Ruth smiled, and said. "Well. Exactly."
Idgie kissed her again, and Ruth tasted the sweetness of peaches on her lips, smelled it on her breath. To compare them to the kisses she'd had in the past, or the kisses she could have in the future--from a brother Threadgoode? Who else would take her and her crippled boy?--She couldn't think of why she wouldn't want to stay.
She said, "I'm not going to kiss you again," when Idgie picked up another piece of raw fish. Idgie popped it into her mouth and chewed smugly. Ruth slipped off the log, and leaned back against it, arching her back.
Idgie stuck her fingers in the pie and sucked off the juices. She leaned over Ruth. Her finger slid out of her mouth. Peach juice and sugar pooled at the corner of her mouth. Ruth licked her lips. Idgie mimicked her, and licked the pie filling away.
Ruth sighed. She looked up at the stars, and asked, "Why haven't you run off into the wild, Idgie?"
"Become the wild man?" Idgie laughed. "Never brush my hair, stomp around, scare the children who stray too far."
"Well, that's not how I would have put it, but--"
Idgie pressed sticky fingers to Ruth's lips, and grinned. She said, "You're the loner, not me."
"You are. You were. Spent all that time in that big house."
"Maybe we don't choose our circumstances," said Ruth.
"I'd like to think we do," said Idgie. She furrowed her brow, and grabbed another piece of fish.
"So how did you end up here?" Ruth asked. She had an idea of where she wanted to go, with Idgie so open, talking for once. Idgie so often wanted to just exist, and was afraid of what she'd find out if she questioned herself. Ruth was afraid to let go like that. She knew it frustrated Idgie.
Maybe raw fish had put a magic spell on Idgie, because she was talking, saying, "I probably always chose the wrong people. That's what my momma said. Even Buddy. But they were always fun."
Ruth smiled. She'd never thought of herself as fun, but she had more fun with Idgie than anyone else.
Idgie kicked her feet against the riverbank clay. Ruth hoped she wasn't going to stir up any water moccasins.
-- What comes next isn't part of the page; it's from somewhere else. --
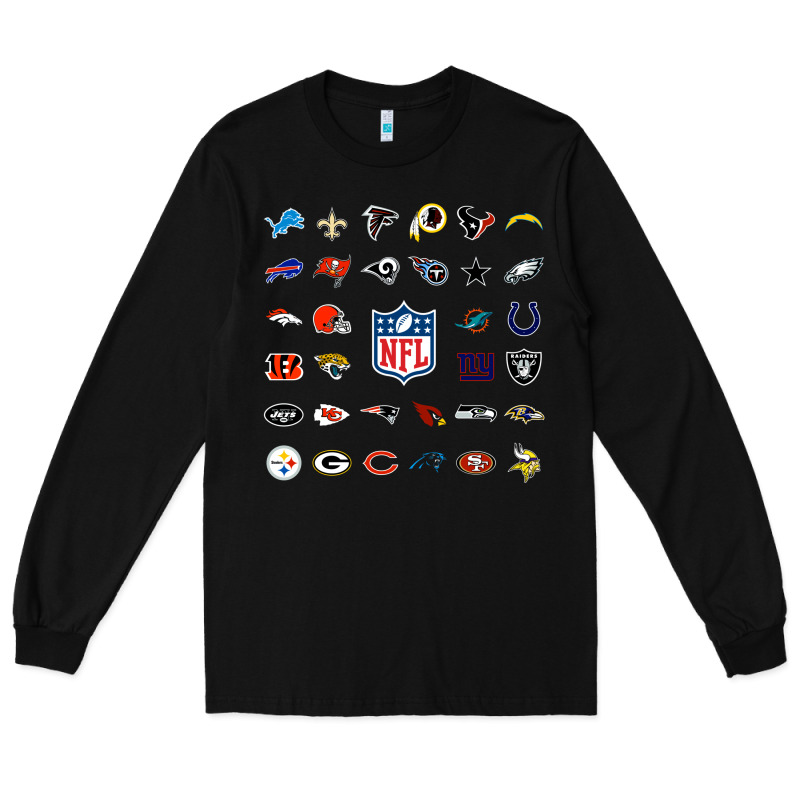 American Football Team Collage    Wall Art Long Sleeve Tee by PixelFlow | Teevron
Idgie said, " You know, maybe I like people more than I let on to anyone. I sure do like Grady and the poker gang and Big George. Maybe if I'd have grown up different I would have been just as--" Idgie sighed, and frowned, and ran her fingers through her hair.
Ruth just nodded. She hadn't really planned her life out like this, either. Maybe God had.
Or someone else.
Idgie pulled back her fingers, and regarded Ruth lying next to her, barely discernible in the fading moonlight. She said, "Ruth, you're the best people I know."
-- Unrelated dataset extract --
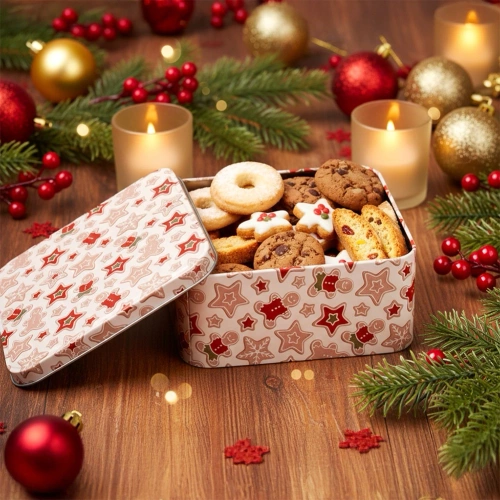 Pojemnik na ciastka metalowy puszka świąteczna 15x15x6,5 cm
Ruth said, "I wish, Idgie." She reached up to brush hair out of Idgie's eyes. Idgie leaned down and kissed her, lightly. Ruth tilted her head back, and said, "I do wish."
Idgie crouched over her, blocking out the moon, and said, "There's no reason to wish on a night like this."
As Idgie's mouth descended onto hers, Ruth decided, for once, to agree.